======== RECORDS FOR THE TASK ========
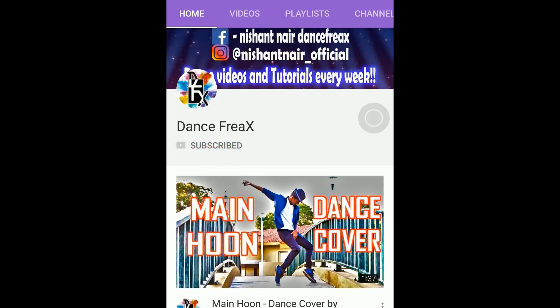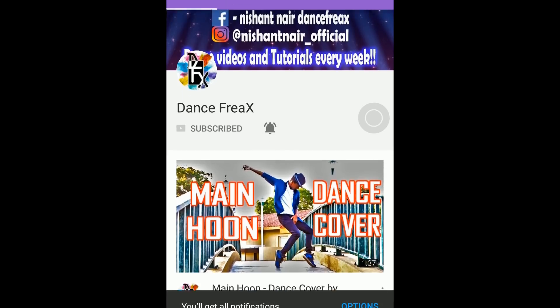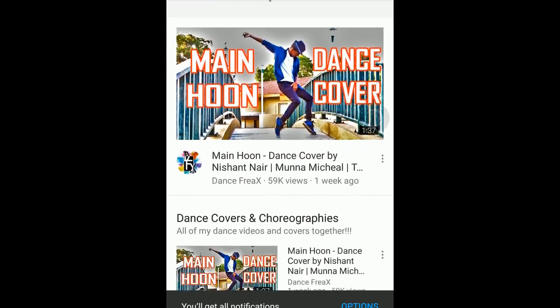Subscribe to my channel and click the bell icon to stay notified about my latest uploads. You can also turn on the English subtitles.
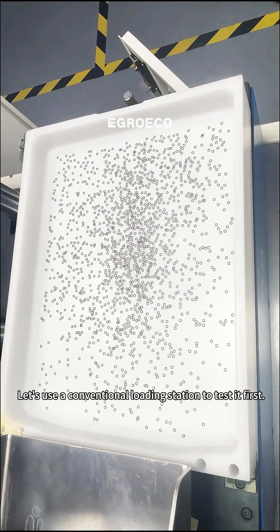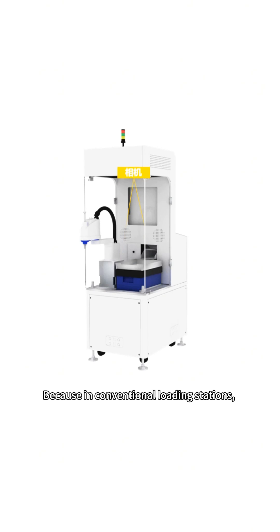Let's use a conventional loading station to test it first. When the part is still, the camera takes a picture. You will find that the entire image is still very blurry and the details cannot be presented. Because in conventional loading stations, in order to facilitate robot material collection, the camera is relatively high from the plate. It is no problem for ordinary materials, but the details of this ultra-small material cannot be presented.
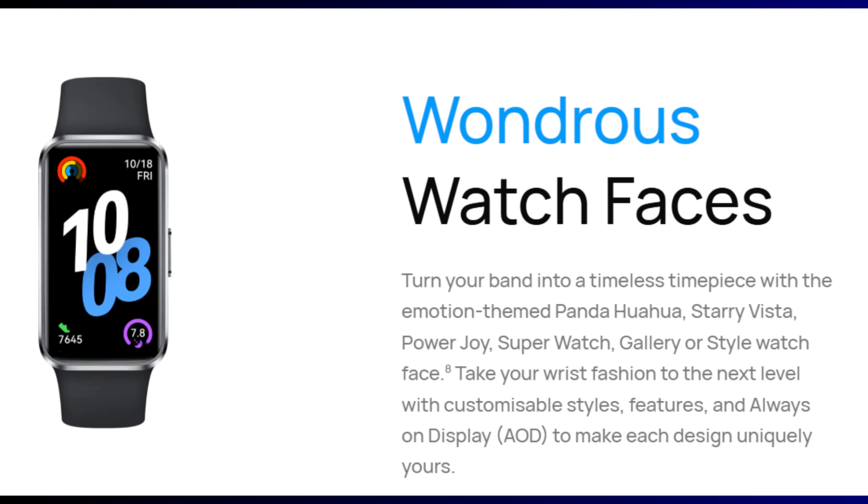The Band 10 welcomes some new interesting watch faces, which include a motion-themed panda, Hua Hua, Starry Vista, Power Joy, Super Watch Gallery, and Style watch faces.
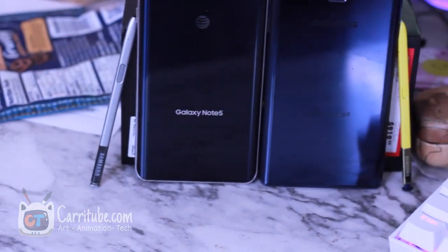Hi guys, it's Carrie here. I'm back with another video. This time it's a comparison: the Samsung Galaxy Note 9 versus the Samsung Galaxy Note 5.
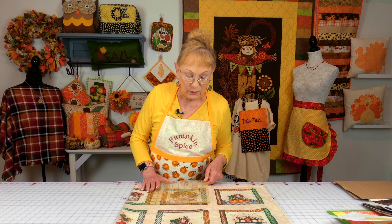Sashing are strips that frame your block. Pretend this is one of those squares I was showing you previously. You can either have your sashing go all the way across the top and then along the sides.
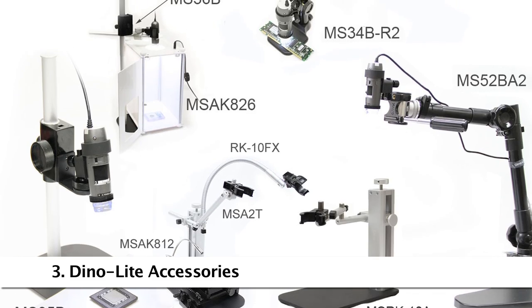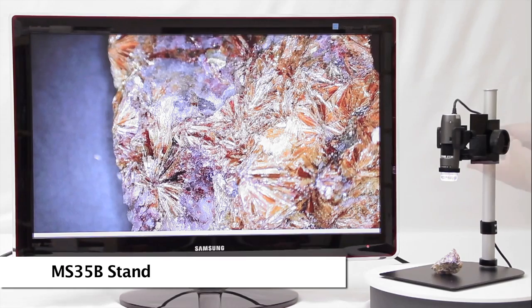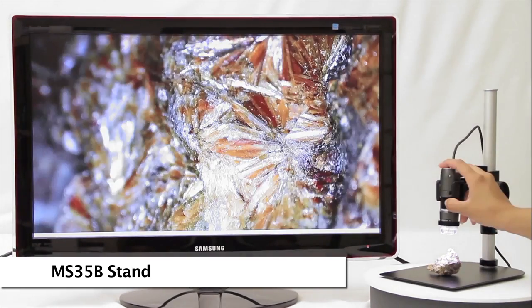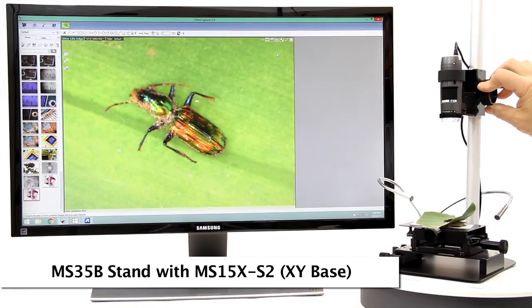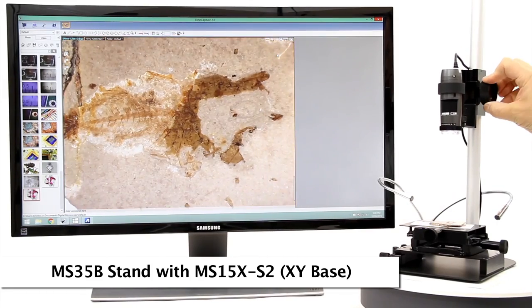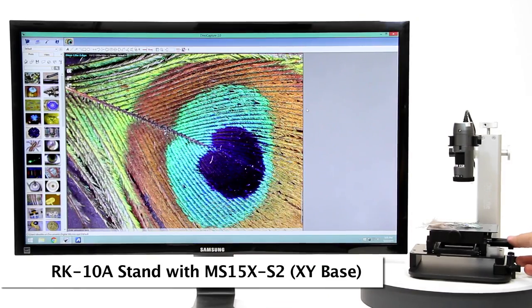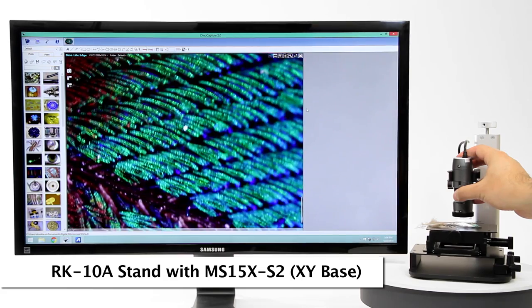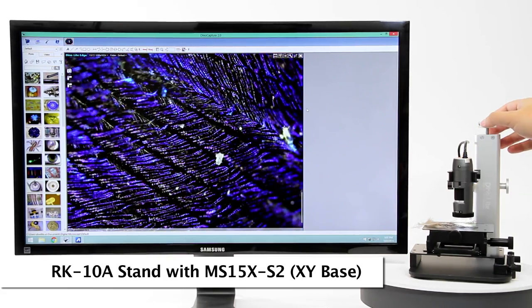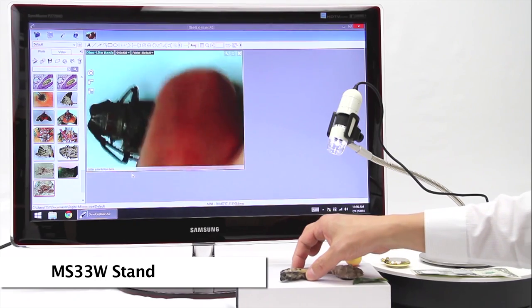Here are some compatible and recommended accessories. The MS-35B is a reliable stand with simple height adjustment and a fine adjustment knob that can be paired with the precise movement XY base. The RK-10A is a newer design of the tabletop stand with a simple height adjustment release button and fine adjustment knob on top. Other options include budget-friendly articulating arm stands like the MS-33W.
========
◆ **TASK PROMPT**: Retype the line containing "Sashing are strips" and each line after it through the last line of the entries above, exactly, with no pictures and nothing else.

◆ **RESULT OF THE TASK**:
Sashing are strips that frame your block. Pretend this is one of those squares I was showing you previously. You can either have your sashing go all the way across the top and then along the sides.
Here are some compatible and recommended accessories. The MS-35B is a reliable stand with simple height adjustment and a fine adjustment knob that can be paired with the precise movement XY base. The RK-10A is a newer design of the tabletop stand with a simple height adjustment release button and fine adjustment knob on top. Other options include budget-friendly articulating arm stands like the MS-33W.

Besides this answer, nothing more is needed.